Squirrels, rail links and the Spaceship of Opportunity

Squirrels, rail links and the Spaceship of Opportunity
Image: The government is considering dropping the $12.30 station access fee

What with all the allegations of corrupt conduct surrounding parliamentarians, this old private eye has been kept pretty busy for the last couple of years doing contract work for ICAC and a certain newspaper. As a class of work it’s a cut above finding hidden assets or runaway kids. Privatisation and huge construction jobs are the name of the game, and you get to watch some slick operators in action.

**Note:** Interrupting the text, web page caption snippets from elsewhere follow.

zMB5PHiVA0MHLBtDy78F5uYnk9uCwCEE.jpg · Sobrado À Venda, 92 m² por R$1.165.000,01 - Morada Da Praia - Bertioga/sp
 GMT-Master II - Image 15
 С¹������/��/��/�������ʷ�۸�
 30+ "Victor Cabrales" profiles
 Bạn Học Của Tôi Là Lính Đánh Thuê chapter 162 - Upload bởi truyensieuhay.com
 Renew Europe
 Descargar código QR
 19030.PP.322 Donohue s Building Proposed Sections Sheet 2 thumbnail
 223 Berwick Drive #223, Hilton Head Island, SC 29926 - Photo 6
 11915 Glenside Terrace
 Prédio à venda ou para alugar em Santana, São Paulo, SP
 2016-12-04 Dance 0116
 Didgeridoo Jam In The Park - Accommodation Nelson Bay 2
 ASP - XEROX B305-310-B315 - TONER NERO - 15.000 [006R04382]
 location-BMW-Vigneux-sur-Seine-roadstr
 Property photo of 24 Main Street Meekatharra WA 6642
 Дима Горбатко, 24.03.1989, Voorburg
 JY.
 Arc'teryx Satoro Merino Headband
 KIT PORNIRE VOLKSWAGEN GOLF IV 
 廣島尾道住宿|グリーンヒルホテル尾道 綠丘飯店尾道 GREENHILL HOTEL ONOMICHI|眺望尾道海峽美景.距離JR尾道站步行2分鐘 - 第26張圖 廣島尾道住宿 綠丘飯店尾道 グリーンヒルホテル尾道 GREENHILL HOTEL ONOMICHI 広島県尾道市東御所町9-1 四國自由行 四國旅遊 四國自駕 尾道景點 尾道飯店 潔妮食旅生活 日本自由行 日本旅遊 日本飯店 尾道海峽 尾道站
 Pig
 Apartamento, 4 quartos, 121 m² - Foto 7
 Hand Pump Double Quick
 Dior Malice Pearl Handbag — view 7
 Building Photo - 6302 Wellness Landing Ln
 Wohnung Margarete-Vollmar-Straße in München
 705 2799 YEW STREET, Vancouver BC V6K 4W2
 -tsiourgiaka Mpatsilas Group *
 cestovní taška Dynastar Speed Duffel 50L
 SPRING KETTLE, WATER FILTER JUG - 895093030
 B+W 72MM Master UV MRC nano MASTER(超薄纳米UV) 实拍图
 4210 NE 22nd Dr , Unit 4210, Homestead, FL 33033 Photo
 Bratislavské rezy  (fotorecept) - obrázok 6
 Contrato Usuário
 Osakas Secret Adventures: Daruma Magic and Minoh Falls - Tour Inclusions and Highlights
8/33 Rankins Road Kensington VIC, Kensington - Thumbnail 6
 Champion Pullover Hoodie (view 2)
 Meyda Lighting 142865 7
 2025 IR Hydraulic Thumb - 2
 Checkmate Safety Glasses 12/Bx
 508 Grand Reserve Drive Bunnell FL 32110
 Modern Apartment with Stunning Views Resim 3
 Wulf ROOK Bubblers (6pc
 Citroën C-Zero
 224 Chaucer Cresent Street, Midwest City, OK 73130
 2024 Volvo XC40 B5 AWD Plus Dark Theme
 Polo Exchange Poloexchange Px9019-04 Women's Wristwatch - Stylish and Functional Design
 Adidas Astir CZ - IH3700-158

Last week I hung out at NSW’s Legislative Council Standing Committee No. Three, pretending to be a journalist. The committee was spending a couple of days looking at whether the O’Farrell government should get rid of the massive $12.30 surcharge travellers pay to enter or leave the Domestic and International terminal stations on the Airport Line.

Somebody should write a black comedy about the Airport Line saga. Back in the day (we’re talking about the mid-90s here) I was doing some pro bono sleuthing for the community groups fighting the M5 East motorway proposal. They were backing the Airport Line, which was the rival proposal, so I got the inside story.

The whole idea of the line – an engineering triumph, by the way – was for public transport to shoulder the burden of getting folk to and from the airport. The line as a whole cost around $900 million, of which $200 million was for the International and Domestic terminal stations plus Green Square and Mascot. Trouble was, market fundamentalist ideology intervened. The Greiner government had initially promised that the project wouldn’t cost the public a cent. By some Thatcherite magic, the private sector would somehow pay for the whole shebang. But the government couldn’t get its act together. The line had to be completed in time for the 2000 Olympics, which meant it had to be signed off on before the April 1995 state elections and it had to look like a public-private partnership. So Bruce Baird, who was the minister for Transport, Tourism and Roads, cobbled together the deal whereby a reluctant Airport Link Company got to own and operate the four stations.

In the upshot the line was an engineering triumph, and the overall price wasn’t bad either, but the contractual arrangements were a bugger’s muddle. The only way the station operating company could recoup the cost of construction was to whack an access fee on the stations, over and above the normal train fare. It was total madness. The access fee strongly discouraged the patronage that was supposed to pay for the stations and it encouraged people to stay in their cars. If you wanted to get from the airport to the city, it was cheaper to get a cab if you split the fare between a couple of people.

Unsurprisingly, the Airport Link Company rapidly went broke and sued the government, who counter-sued. Years of litigation followed and the Carr government made matters worse by introducing the Cash-Back scheme under which motorists were reimbursed for using the M5 Motorway.

So now we pay people to stay in their cars and penalise them if they use public transport. It’s a hell of a way to run a city, and there’s no guarantee the O’Farrell government will do the right thing, buy back the stations, and make the Airport Line do the job it was designed to do.

It took a few years for the private sector to work out how to turn public-private partnerships into a goldmine, but they finally got the hang of it. Back in March I was sitting in on an industry conference titled “Sydney’s Rail Future 2013”. The whole privatisation gang dropped in: Paul Broad from Infrastructure NSW, Carolyn McNally from Transport for NSW, Rodd Staples from the North West Rail Link project, Stephan Albin from the Urban Development Institute and Tim Williams from the Committee for Sydney. Everybody knew there were fat profits to be made from the North West Rail Link, for which Treasury had allocated a staggering $8 billion plus.

Of course the industry knows it’s being watched. They even joke about it, nervously, when they think they’re among friends.

One speaker at the conference, a vice-president of a big rail construction company, struck an especially revealing note. The man came across like a sales manager giving a pep talk full of dumb motivational slogans. There was mind-numbing stuff about squirrels showing other squirrels where the nuts were, and a slogan about “the spaceship of opportunity”. He even had a lousy photo of a squirrel up a tree.

But as the gibberish rolled on it became apparent he was calling on the assembled commercial rivals to collaborate; to resist being put into competitive bidding situations that might restrict profits. “The biggest barrier is the mindset of competition,” he said. The whole industry should be working together. And then he warned they must all maintain “ICAC awareness”. There it was in a squirrel’s nutshell. A ripple of laughter ran round the room.